Now, I don't blame Big Gordo for my inbox invasion. But I do blame him for his pompous spin about whether or not Gambling is Good for You. Since he was Chancellor of Exchequer for the past 10 years, he shared equal responsibility for the not-very-good Gambling Act with that yesterday's man who went to live in Jerusalem. And he now has sole responsibility for it.

When Tessa Jowell first dressed up as Blackjack Lil and lay across a roulette table to place her poker chips for the cameras, the Gambling Act was spun (by Blairites) as all about freedom. The Blair Government wanted to license super-casinos all over Britain and allow online gambling sites to be registered in the United Kingdom. (Unlike puritanical America, where gambling sites are illegal.)

The support for the Bill came from libertarian types who think gamblers are grown-ups: they should be free to choose how, when, where and how much they gamble.

The opposition was from kindly shepherds who think gamblers are the poor, halt and lame: they should be removed from temptation, lest they get addicted to losing their wherewithal - and won't someone think of the children?

The funny thing was that the Parliamentary Labour Party is somewhat short on libertarian toughies and long on kindly Methody preachers - and loads of them hated Blackjack Lil's Bill. Obviously including Gordon, who is becoming more holier-than-thou with every passing day.

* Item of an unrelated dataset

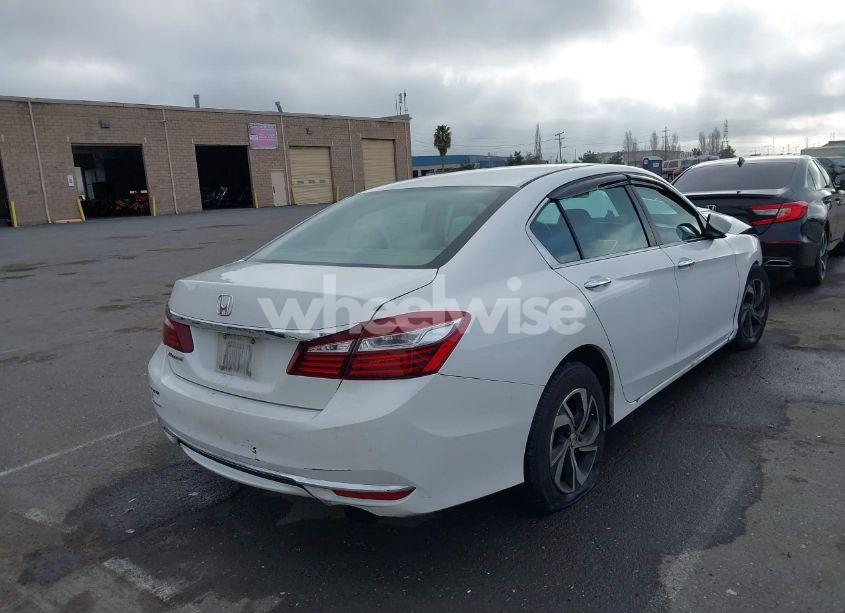 Photo 4 of 2016 Honda Accord LX (VIN 1HGCR2F30GA041895)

The fact that he suddenly said he wasn't going to let Manchester have its super-casino didn't worry me: I've lived in Manchester. Its unique quality of life is not going to be improved any by having a super-casino, and, anyway, I was more of a Blackpool girl.

What does fret me is the muddled thinking over the e-casinos. The Department of Culture, Media and Sport (no longer run by the witless Jowell, who can't even cope with her own mortgage forms, let alone the billions wasted by the department) has spent a shedload of my money on a website explaining how it will regulate online casino and betting sites.

The website offers operators based in the European Economic Association the opportunity to apply for a British licence. This licence will prove to the punter that the site is legitimate, lawful and effectively regulated. It will make sure that he is over 18. It will tell him (should he find himself becoming worryingly addicted to online gambling) how he can obtain caring and non-judgmental help, via links to Gamcare, the online helpline.

It will also mean that the e-casino operators can run television advertisements for the first time actually showing grown-ups playing poker. (However, the actors must all be over 25 and the ads must not link gambling to sexual success.)

The point of the British licence is to encourage the world's casino websites to base themselves here, where they can be diligently regulated night and day by 50 compliance managers newly recruited for the Department of Culture, Media and Sport. But of the thousands of online casino operators worldwide, only a handful - 14 the last time I looked - have applied for one.

Why? Because Brown decided to tax all British-based betting and casino sites at 15 per cent of gross profits. Not surprisingly, they have chosen to be based in much lower-taxed places, eg Malta, which taxes at a very acceptable 2.5 per cent.

Ladbrokes has not signed up for a British licence, nor has William Hill, which used to be based in Curacao, but now has moved to Malta. Oh - and since Malta is in the European Economic Association, it will be allowed to advertise on television.

So now we have the most caringly protective online betting regulatory system in the world, hurrah. But none of the big boys will sign up to it. Boo. (The Isle of Man is laughing its head off.)

Of course, the companies that do sign up will be taxed at 15 per cent gross. But there aren't enough of them even to pay the salaries of the 50 new compliance managers recruited for the Department of Culture, Media and Sport.

Funnily enough, anyone who looks up the department's website to get help for his addiction to online gambling will find that the United Kingdom's only (free) residential treatment centre for addicted gamblers is called Gordon House. Piquant, eh?